In fact, if Mack can convince current associate head coach Lauren Gosselin to stay on campus, I believe the program will be in gifted hands. 

Although Berube, a former national champion at UConn, has gotten all the attention for the unparalleled success of the program during her seven years at Princeton, Gosselin has played a critical behind-the-scenes role in creating the conditions for that success.

A former national champion herself at Division II Bentley, Gosselin has been the genius behind devising many of Princeton’s highly effective offensive sets. She also merits credit for recruiting many of the star players to come through central New Jersey during the Berube era. 

Finally, one of the most unsung aspects of coaching at the mid-major level today is finding a way to put together a schedule that creates sufficient opportunities to build a tourney-worthy resume in case you don’t win your conference’s automatic bid to March Madness. Gosselin has done just that as an assistant at Princeton, masterfully finding a blend of high mid-majors and power0-conference opponents for the Tigers to play during the nonconference part of the season.

For these reasons and others, the most important step Princeton can take now to secure its immediate future as a nationally relevant, mid-major power is to lock down Gosselin as the 11th coach in the history of Princeton women’s basketball.

But even if Gosselin and Princeton’s incredible Class of ‘26 quartet decide to stay at Old Nassau, choppy waters lay ahead for the Orange and Black, the Ivy League, and all mid-majors, at least so far as competing on the national stage goes.

And yet it doesn’t have to be this way. The Ivy League could compete on the national landscape if it wanted to. 

There is nothing keeping the Ivy League from granting athletic scholarships to its basketball players, like every other conference in Division I. There’s also nothing preventing the Ivy League from participating in revenue sharing, other than itself.

Ivy League schools could also recruit players through the transfer portal, and some are beginning to do so. 

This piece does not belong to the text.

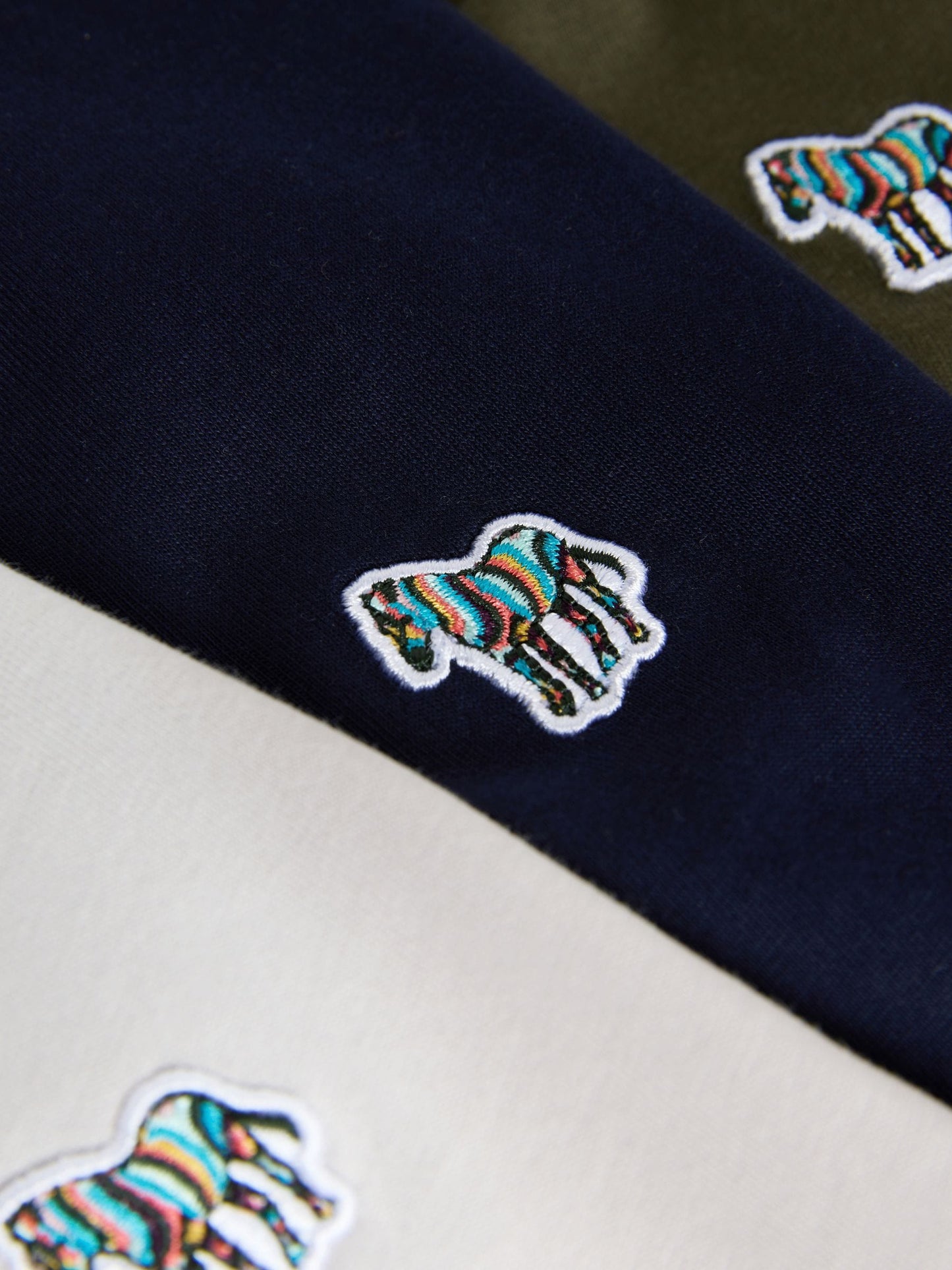 Dsiney Kidz - Paul Smith Junior Navy/Green/White/Stone Signature T-Shirts 5 Pack image 10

A few years ago, Columbia women’s basketball lured Cecelia Collins from Bucknell, an addition that helped the Lions win their first outright Ivy League regular season title last season. 

Yale has also found a way to add multiple transfers to its improving women’s basketball roster.

But at most Ivy schools, including Princeton and Harvard, the portal remains forbidden fruit, primarily due to barriers erected by admissions policies that disfavor transfers across the board.

“We can’t get transfers,” Harvard coach Carrie Moore flatly told reporters at her weekly press conference on March 10. “I’ll just blatantly say that we can’t do it. And I think your folks at Princeton also cannot do that.”

Unless and until programs like Harvard’s and Princeton’s make it a priority to allow high-impact basketball transfers to enroll on their campuses, they likely won’t be able to keep talented coaches like Moore and Berube around for lengthy stints.

This doesn’t mean Princeton (and Harvard) won’t have great seasons next year. They (probably) will. 

In fact, if Gosselin is hired as head coach and Fadima Tall, Skye Belker, Ashley Chea, and Olivia Hutcherson return for their senior campaigns, the Tigers likely will repeat as Ivy champions and cut down the nets in Hanover at Ivy Madness next March.

But barring a lightning strike, that’s where the magic carpet ride will end. 

The dream of a Sweet 16 appears to be dead. 

The dream of taking down a power conference opponent in the First Round of March Madness grows dimmer by the day.

Cinderella may still be allowed to attend the Big Dance, but she’s no longer allowed to win. 

And if by some chance she does win, her best players and her coach will be stolen away by bigger fish who swim in bigger ponds.